Heroes, Saints, and Expeditions

by: Jessica Cassyle Carr

Ray Maseman explains the etching process.
Ray Maseman heralded in Heroes, Saints, and Expeditions on the first Friday of February. The show, which runs through the end of the month, is the loyal artist’s ninth at New Grounds. Maseman’s newest collection of multiple plate etchings portrays lingering “meditations on existential questions of purpose, home, and the burdens and responsibilities of adulthood,” he explains in his artist statement. This existentialism is depicted through a lighthearted collection of animal characters engaged in a variety of brave odysseys and industrious undertakings.  A cavalry of carpenter penguins forges onward with their rulers, hammers, and saws. A contemplative ram and potted tree are adrift in a wooden boat.
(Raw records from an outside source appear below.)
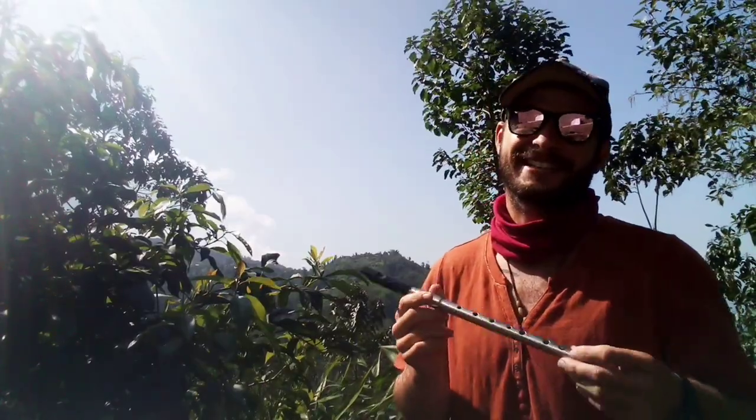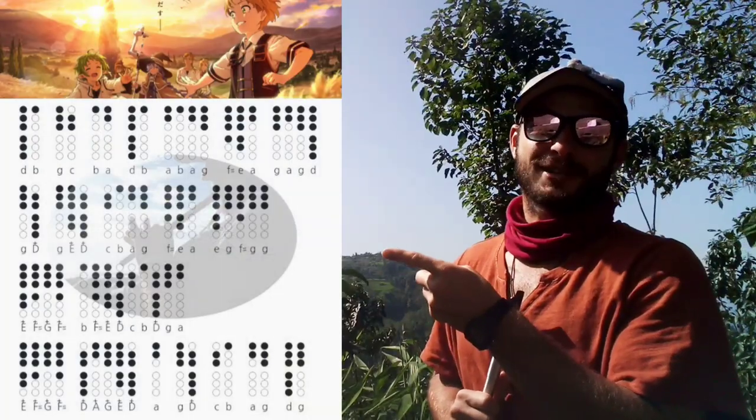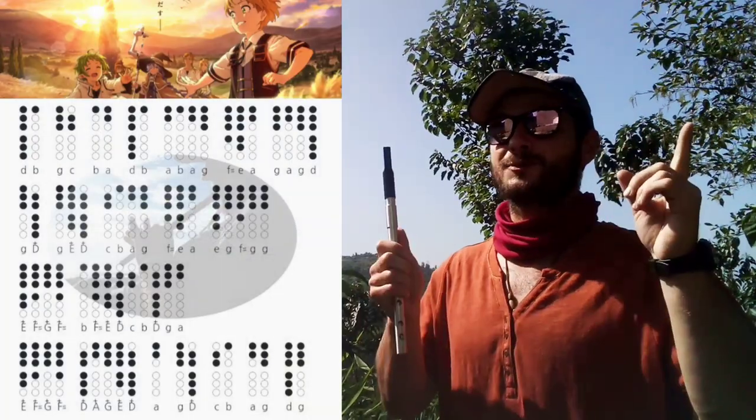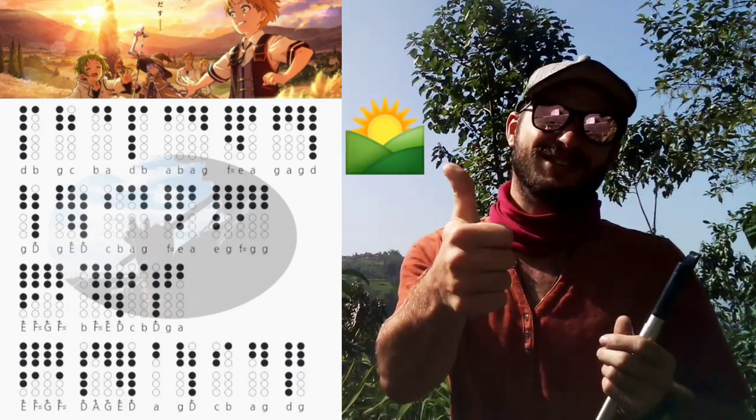I tried playing this tune on a whistle in the key of D, but it didn't really quite sound right. So, key of C it is! Place your fingers where the shaded holes are and play along with me, and always remember to adjust the playback speed in your video settings to slow it down. Let's do it!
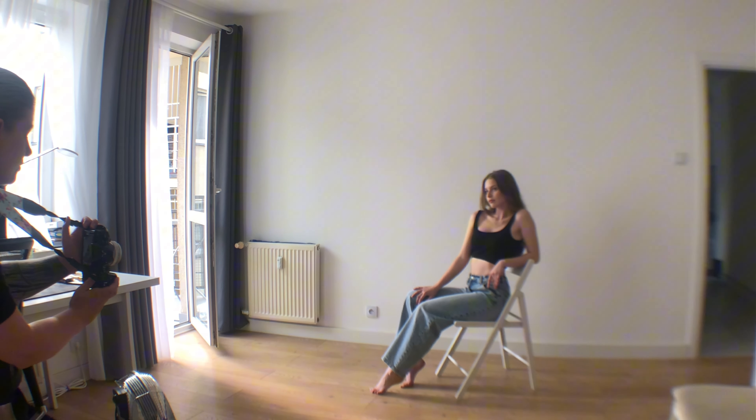Pose 11: Sitting on the floor. For this pose, the model should sit on the floor on one hip so that one elbow rests on the chair. Ensure the back is straight and the top knee is reaching towards the ground.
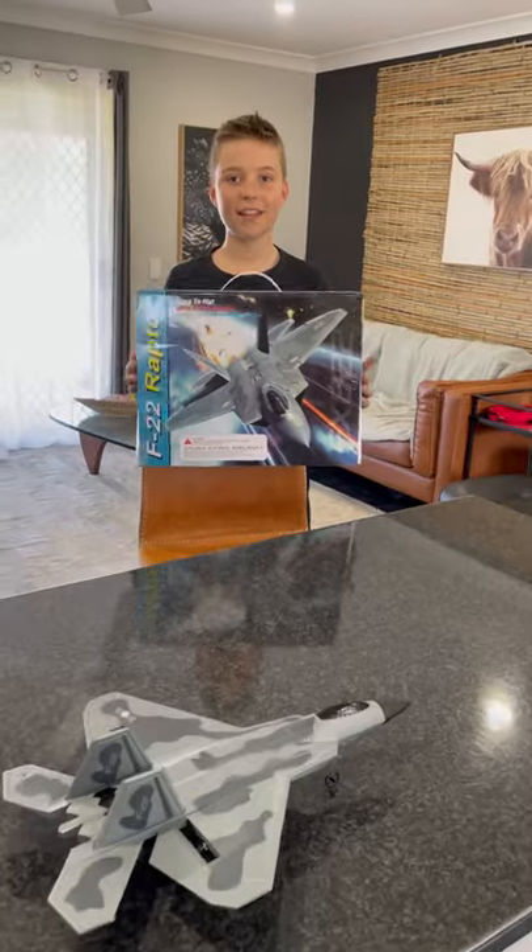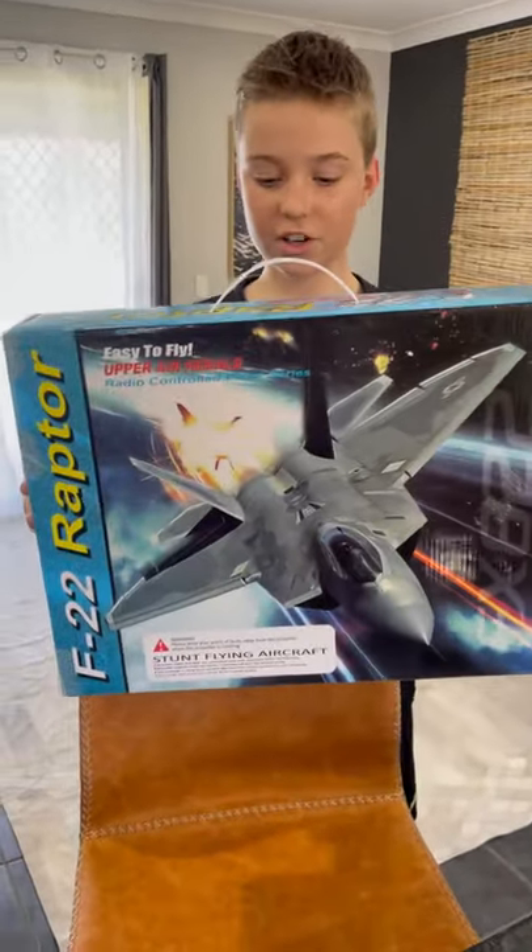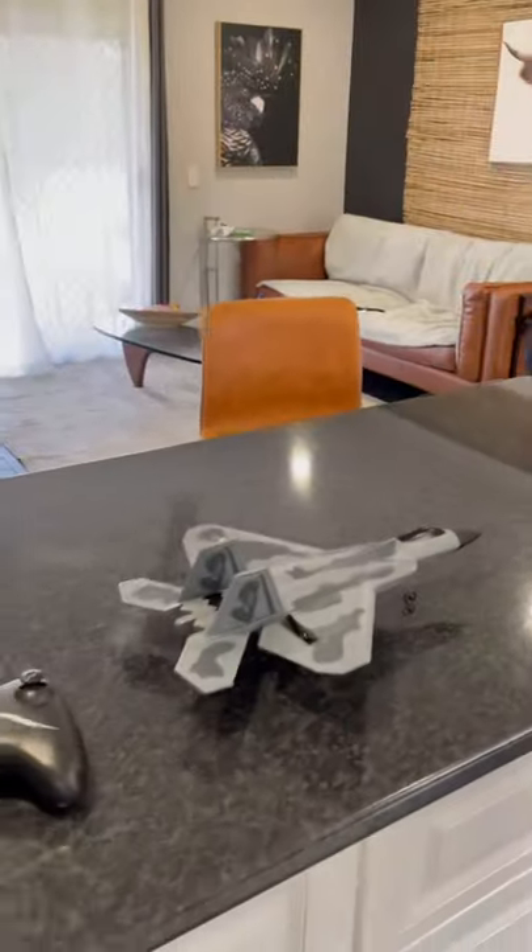Hey guys, it's Bee Snappy here, and today I just unboxed this fighter jet — it's right there, all charged up. We've just turned our kitchen bench into an aircraft carrier. Let's launch it off the ramp — or should I say chopping boards — and we'll do a couple of slow-motion replays of launching off the ramp too, so stay till the end guys.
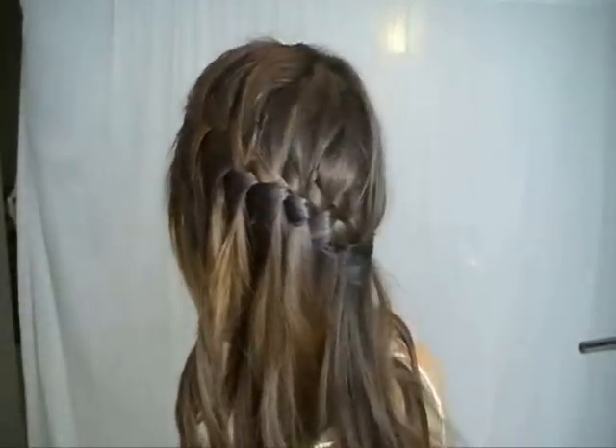I love to look effortlessly chic with a French braid. Here's my bohemian twist on the waterfall braid.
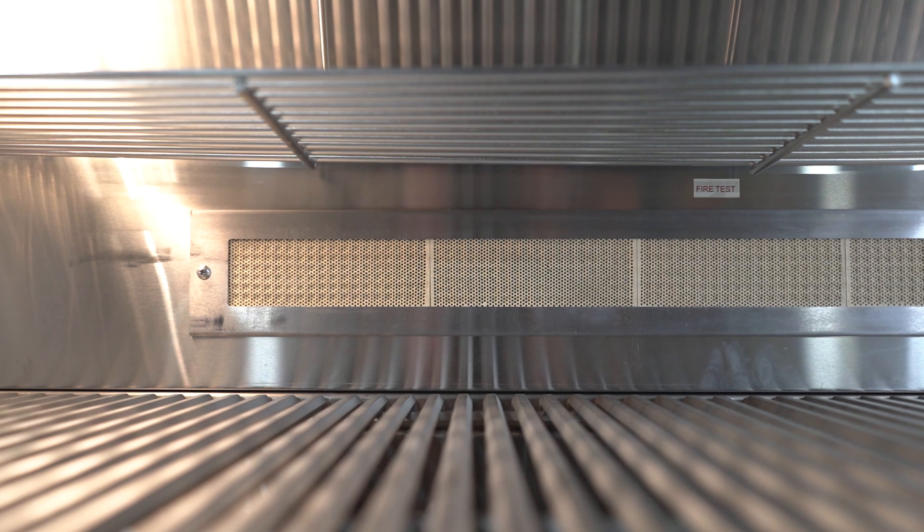Additional features include heat zone dividers, LED illuminated control knob lights, and a drip tray. This product is available at Barbecue Island and barbecueisland.com.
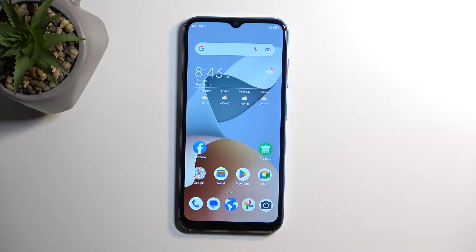Welcome — this is a ZTE Blade A73, and today I will show you how you can hard reset this device through recovery mode.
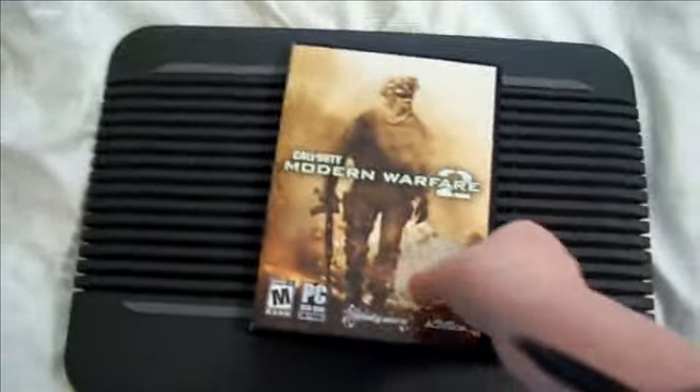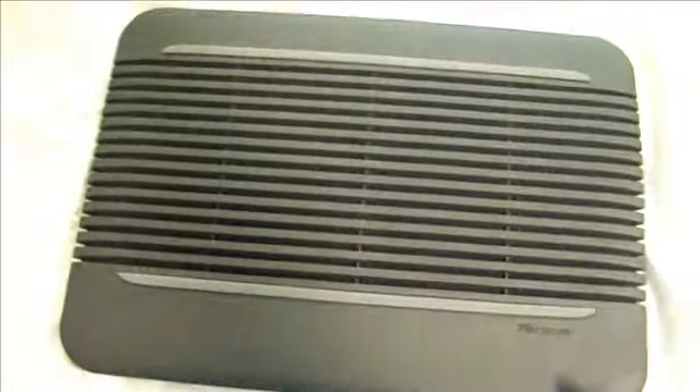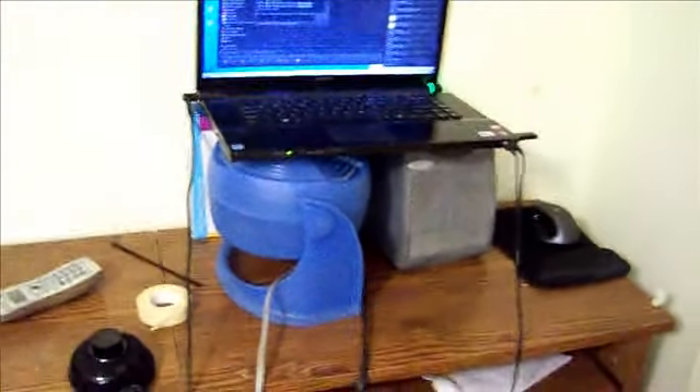With my computer that doesn't work — it still freaking overheats and makes the screen go black and stuff. So I've made a solution! This is the solution. It is a fan.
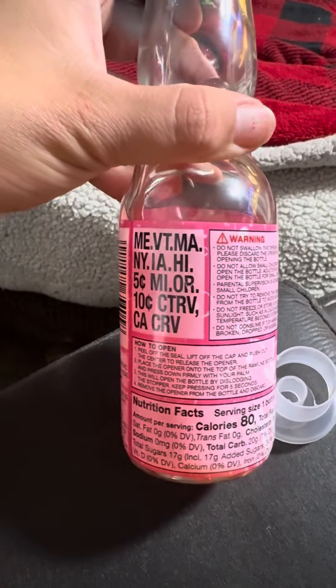To me it tastes like a strawberry soda, almost like a Shasta one. It's so cool that when you open it, this glass ball pops right out — a glass ball! At first we couldn't figure it out; we were trying to pull it and it wouldn't come out, and then I found it on YouTube.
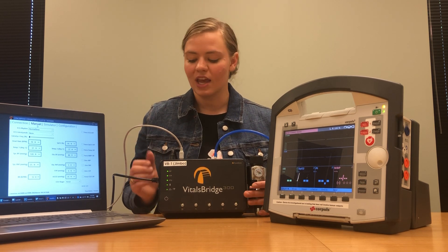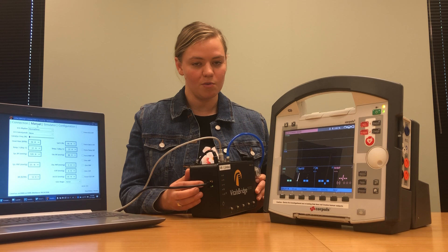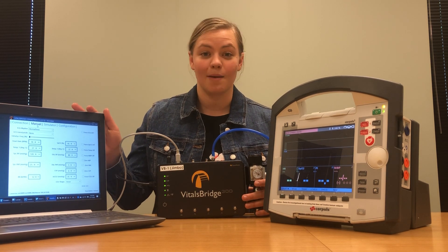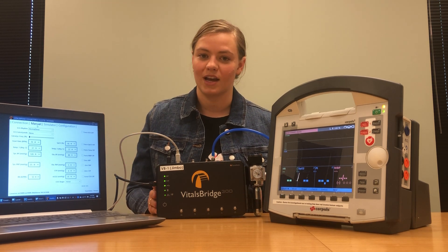If you're following along you're welcome to connect your VitalsBridge via a USB cable, which is plugged in right here, or an Ethernet cable, which is plugged in right here — both cables plug directly into your laptop. You can also use Bluetooth, which is configured the same way any Bluetooth device would be configured.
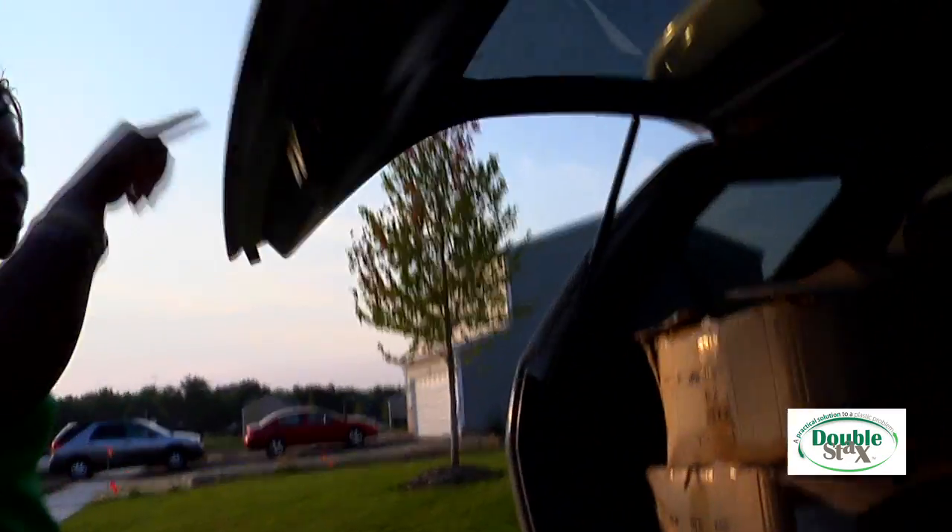The only problem with that is that I have a family of six. So that means a lot of reusable bags and a whole lot of clutter. When I remembered to take my reusable bags to the grocery store, I never had enough for all the stuff I was buying. Other times, I would just forget my reusable bags altogether because I couldn't stand to leave them in the car.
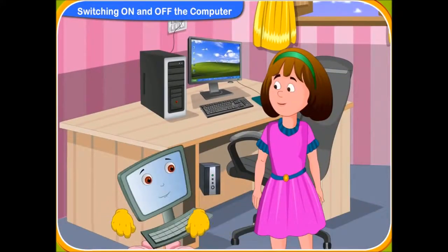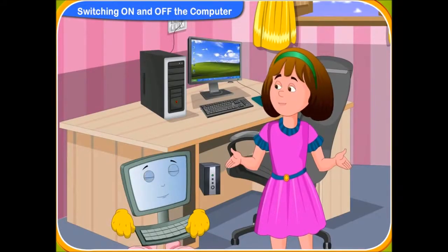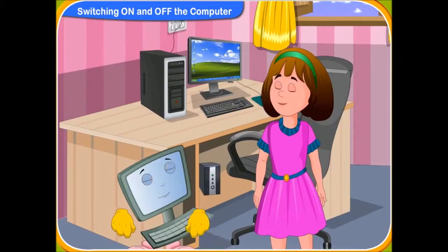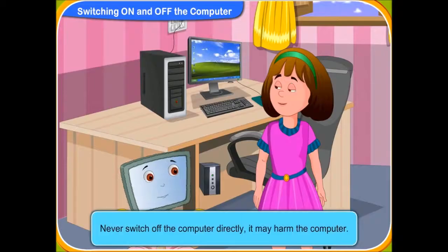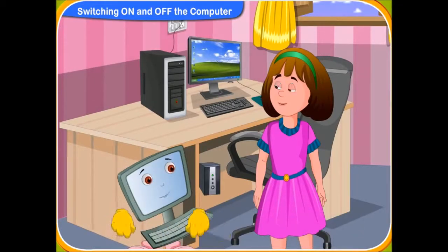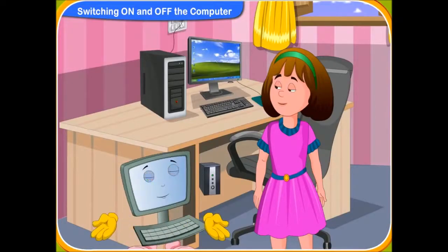Now, can you remember the steps on how to turn on the computer? Yes, Clicko. I can now always turn on the computer. Thank you for your help. It's my pleasure to help you. Oh! What should we do to turn off the computer? Should we just switch off the main socket switch? No, Rini. We should never switch off the computer directly. It may harm the computer.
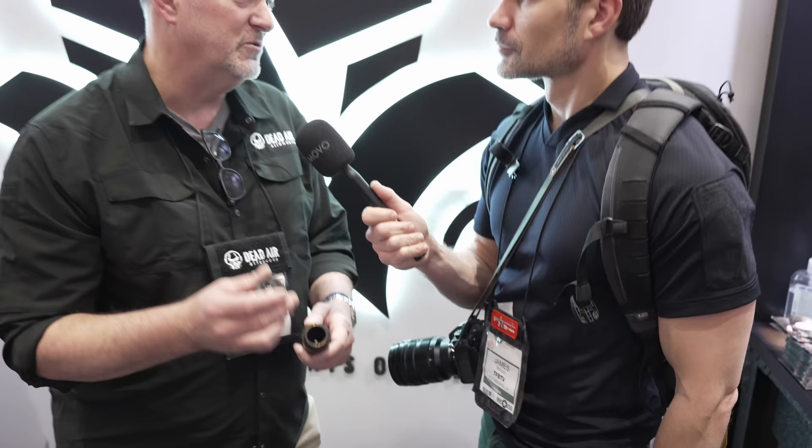Very cool. Well Mike, thanks for talking to us. I'm James Reeves — a huge Triskelion fan here. This is the last video of SHOT Show — thank God, we're done. Thanks for watching, stay tuned, make sure you subscribe to TFB TV. SHOT Show 2024 — see you next year.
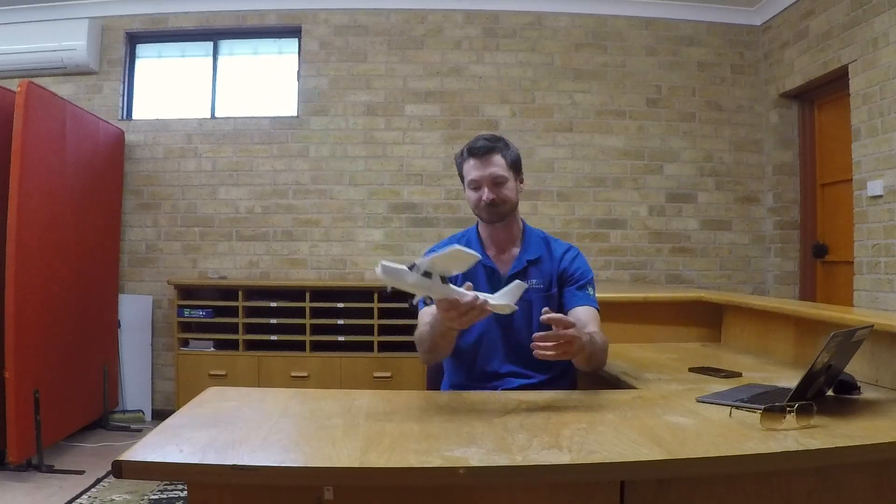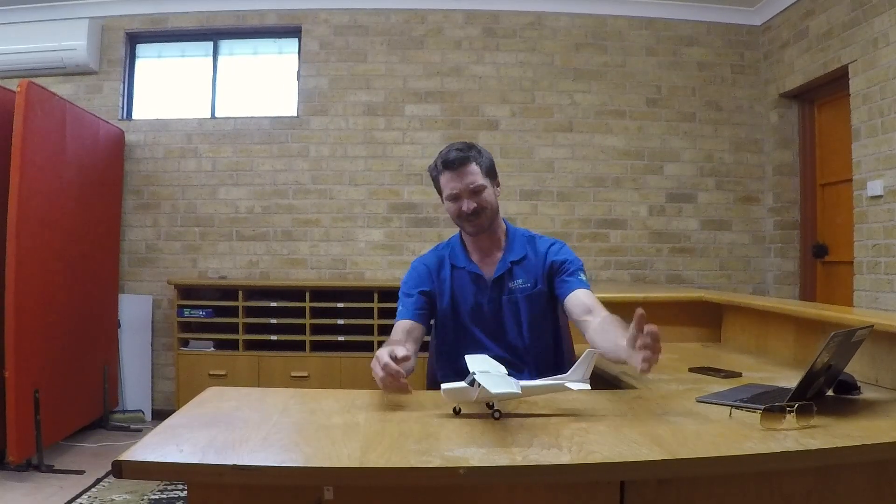Hello. In today's video I thought we'd talk about how to take off. A couple of my instructors have asked me to make a video on how to land for students to watch, particularly if they're learning towards their recreational pilot license. But I thought, probably before they need to learn how to land, they need to learn how to take off. And I know in many people's eyes taking off is very simple — you blast down the runway and rip back on the stick and away it goes. But it is one of my many pet hates: people not understanding how to take off properly.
The characters’ activities are often set in vast ocean scenes, inspired by Maseman’s residencies afar in the Faroe Islands (an archipelago located between Iceland and Norway and north of Scotland) during the past two summers. Other scenes play out in desolate, jagged, ochre environments - an indirect reference to the New Mexico landscape.

Friday’s opening was a convivial evening - thank you to all of the art appreciators who attended. If you didn’t make the event, please stop by and ponder life’s purpose / see the show before the month’s end.


Maseman's daughters mingle with opening attendees.

Multiple plates await a printmaking demo



New Grounds artists joke around in the office.